**PROBLEM TO WORK ON**
Set the listing down unchanged, minus every embedded image.

**GIVEN MATERIAL**
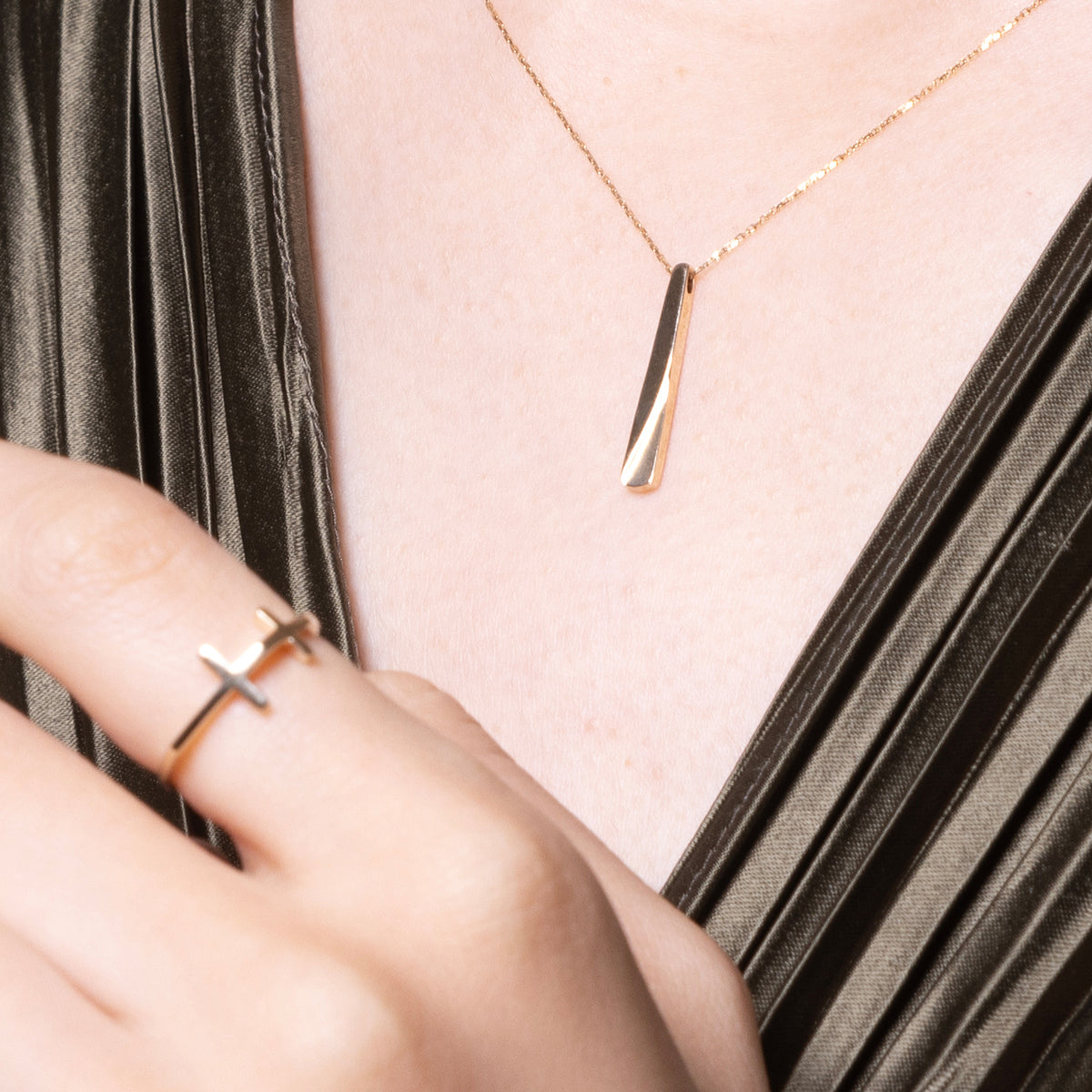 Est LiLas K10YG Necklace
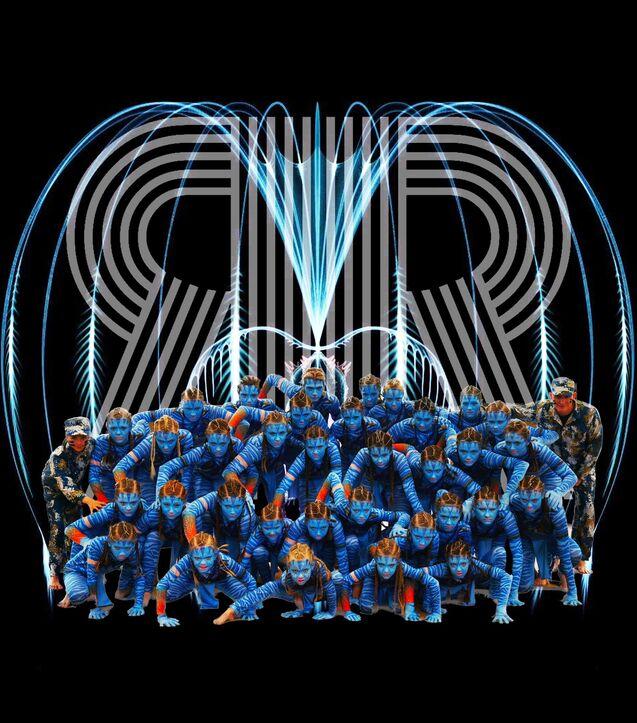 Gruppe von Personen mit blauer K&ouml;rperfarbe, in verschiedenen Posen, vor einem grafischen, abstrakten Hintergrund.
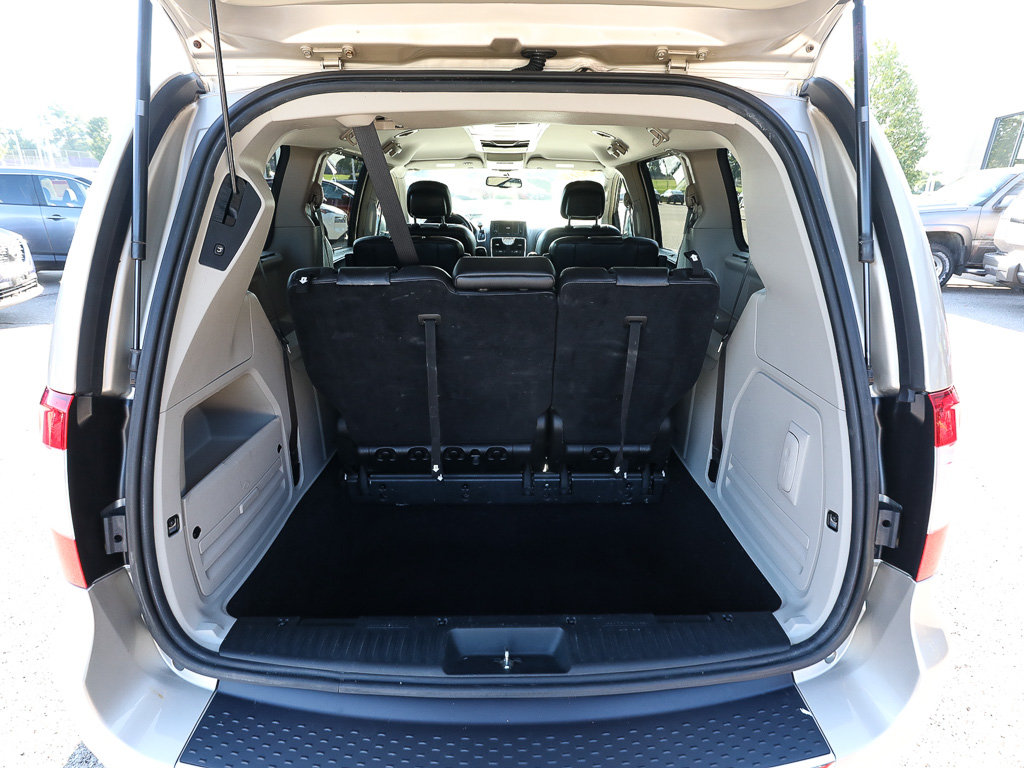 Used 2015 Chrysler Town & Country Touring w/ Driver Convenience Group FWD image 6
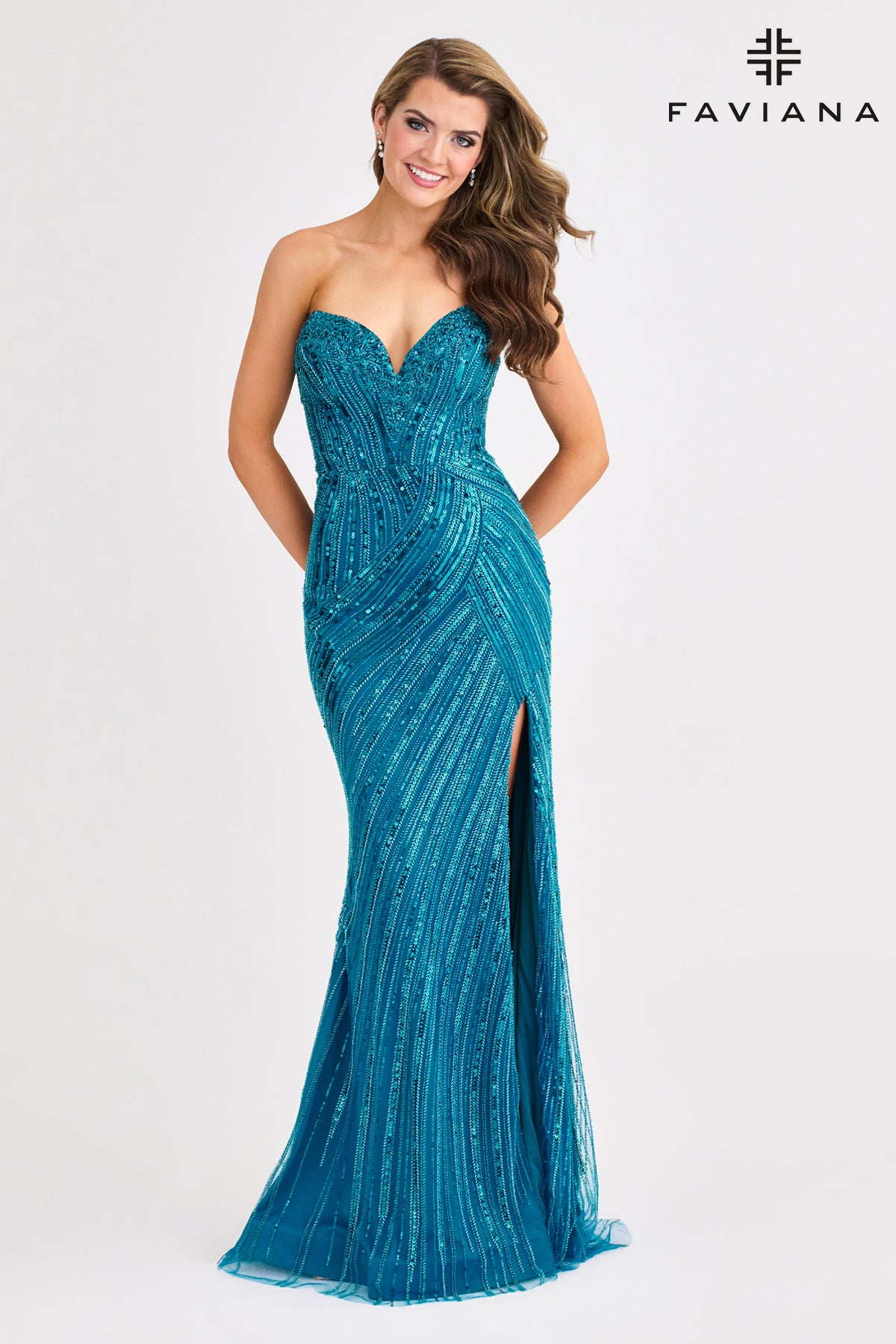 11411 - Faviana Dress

**TASK RESPONSE**
 Est LiLas K10YG Necklace
 Gruppe von Personen mit blauer K&ouml;rperfarbe, in verschiedenen Posen, vor einem grafischen, abstrakten Hintergrund.
 Used 2015 Chrysler Town & Country Touring w/ Driver Convenience Group FWD image 6
 11411 - Faviana Dress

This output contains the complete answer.